Earlier this week, researchers from the University of Nottingham published a study suggesting that a common class of medications, called anticholinergics, may be one risk factor for developing dementia. The link is eye-catching because these drugs are so common among older adults. And yet, from the current research, it’s still impossible to say if these drugs are actually causing more cases of dementia—in part because dementia is so hard to diagnose. In order to actually make conclusions about these drugs and their potential risks, researchers need to first find ways to detect dementia in its earliest stages.

It’s certainly possible that anticholinergics contribute to dementia, says Donna Wilcock, a researcher who focuses on physiology and aging at the University of Kentucky and was not affiliated with the recent paper. Anticholinergics work by blocking the neurotransmitter acetylcholine, which helps regulate a variety of organ systems. In the brain, this neurotransmitter helps us form new memories and later retrieve them. It also helps our muscles relax. Often, blocking acetylcholine can alleviate symptoms caused by other conditions, including incontinence, asthma, or even seizures.

In Alzheimer’s, the most common form of dementia, it seems like the neurons in the brain that produce acetylcholine are disproportionately damaged, compared to the neurons that produce other kinds of neurotransmitters, Wilcock says. Perhaps by blocking acetylcholine, anticholinergic drugs are making the brain more vulnerable to the pathologies that cause dementia—the amyloid buildups associated with Alzheimer’s, perhaps, or the misshapen clumps of TDP-43 that characterize the newly-minted condition called LATE.

However, in a study that looks back on patients’ health records over time like this one, it’s hard to isolate other confounding factors that could have contributed to higher dementia rates.

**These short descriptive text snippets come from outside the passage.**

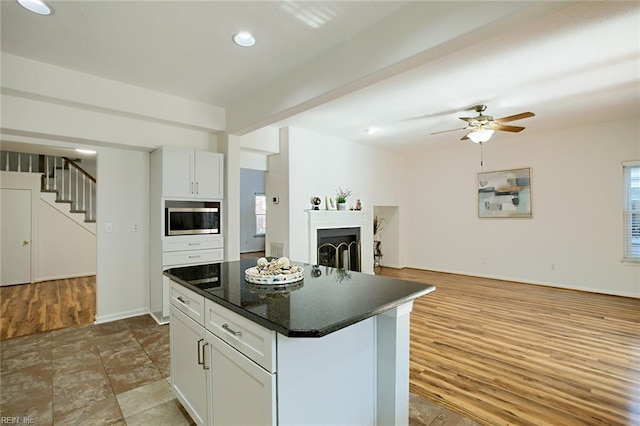 kitchen with wood finished floors, dark countertops, stainless steel microwave, open floor plan, and a center island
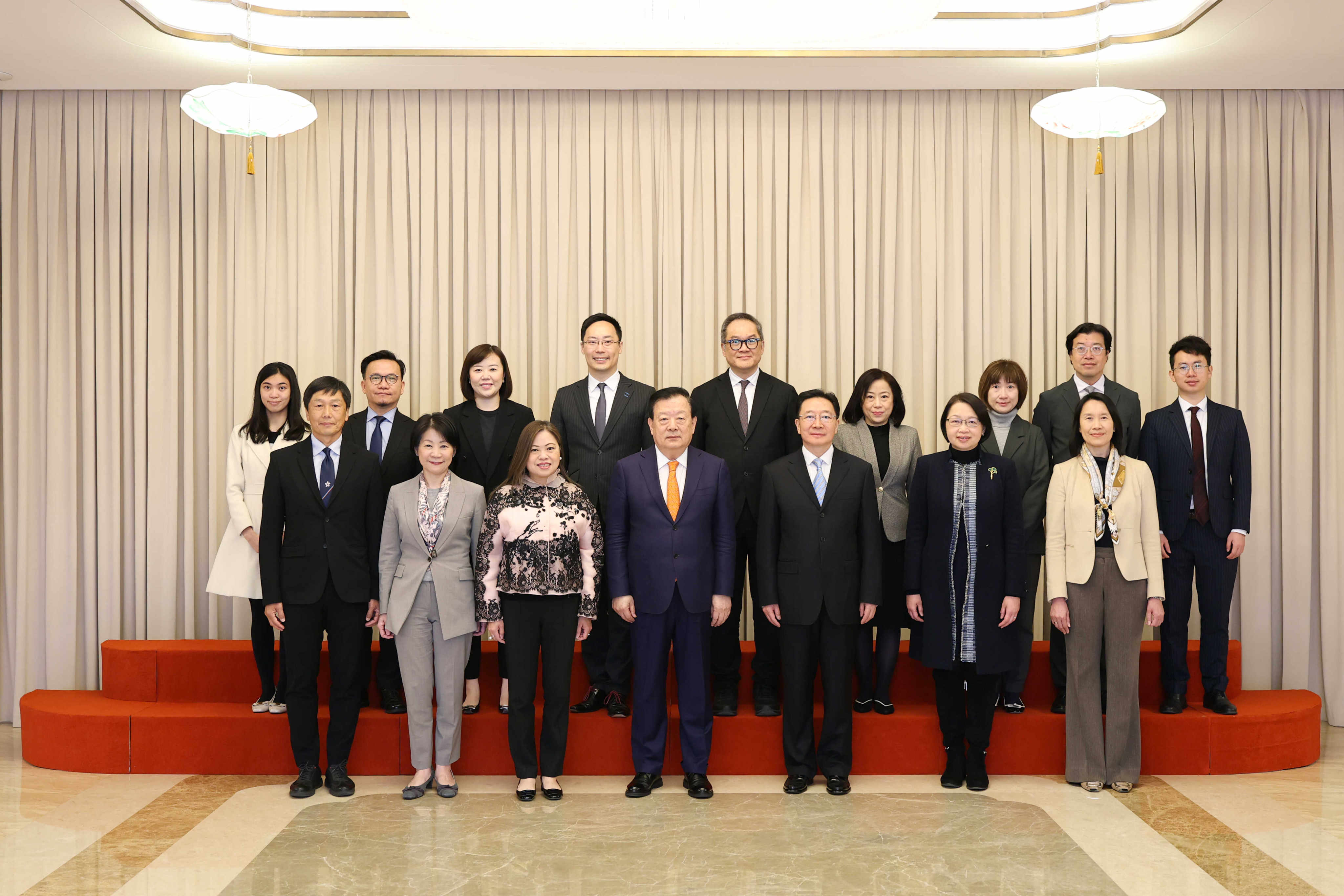 Hong Kong tourism chief Rosanna Law (front row, third left) met Xia Baolong (front row, centre) in Beijing. Photo: Handout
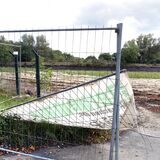 Ein abgrissenes Baustellenschild liegt hinter einem Bauzaun.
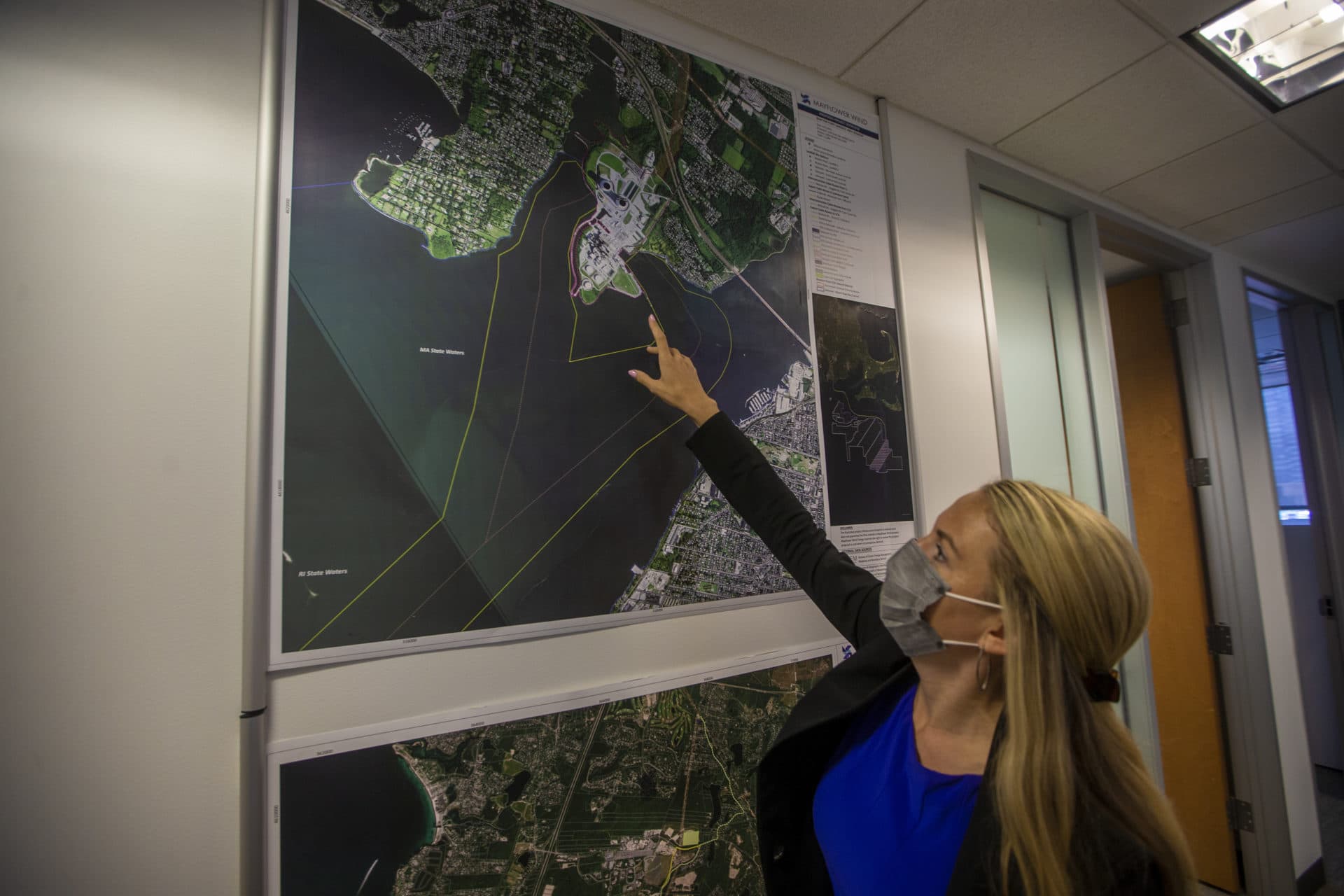 On a satellite image in the Mayflower Wind offices in Boston, Danielle Jensen points to an area where the power lines from the wind farm will come ashore at Brayton Point in Somerset. (Jesse Costa/WBUR)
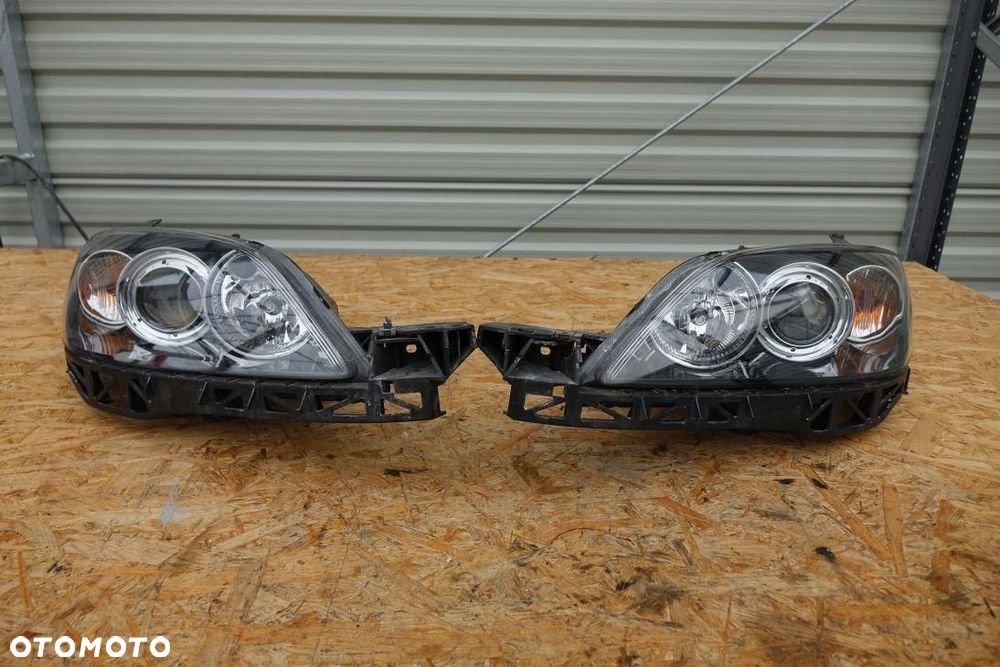 REFLEKTOR 2 LAMPY PRZÓD KPL EUROPA MAZDA 3 03-06 5343534 - 1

The work, which appeared in the journal JAMA Internal Medicine, looked at the health records of over 285,000 people over 50, about 58,000 of whom developed dementia later in life. Researchers also looked at which of these patients had been prescribed any kind of anticholinergic, which can treat anything from allergies to overactive bladder to depression to Parkinson’s disease. Controlling for other factors like smoking, 16.7% of the patients with dementia had been taking some kind of anticholinergic drug daily for at least three years, a decade before the study’s start time. In the group of healthy participants, that figure was only 12.2%. These figures reflect previous work that has shown associations between these drugs and dementia.

There are alternative explanations for their results, though. Some of the conditions that require anticholinergics may put a person at higher risk of developing dementia. Additionally, it’s possible that for some patients, the drugs were being prescribed for very early symptoms of dementia, Carol Coupland, an epidemiologist at the University of Nottingham and lead author of the paper said in an email to Quartz.

In order to definitively say that these drugs contributed to dementia, researchers would have to see an uptick in diagnoses as soon as patients started taking these drugs, and also show exactly how they change the brain. Right now, that kind of real-time diagnosis of dementia is still a pipe dream.

Currently, dementia is diagnosed only when a person’s cognitive impairment has gotten in the way of their daily life. It requires a trip to a primary care physician, and then a neurological specialist, and, in some cases, a brain scan. But even before a person starts to show symptoms of dementia, the brain has already begun to deteriorate. In the case of Alzheimer’s, the brain may show signs of the disease as early as two decades before a person starts to experience any cognitive decline. By the time symptoms do show up, it’s too late to reverse them. The damage has been done. Until researchers come up with better ways to identify the earliest stages of mental decline, studies like this will stay inconclusive.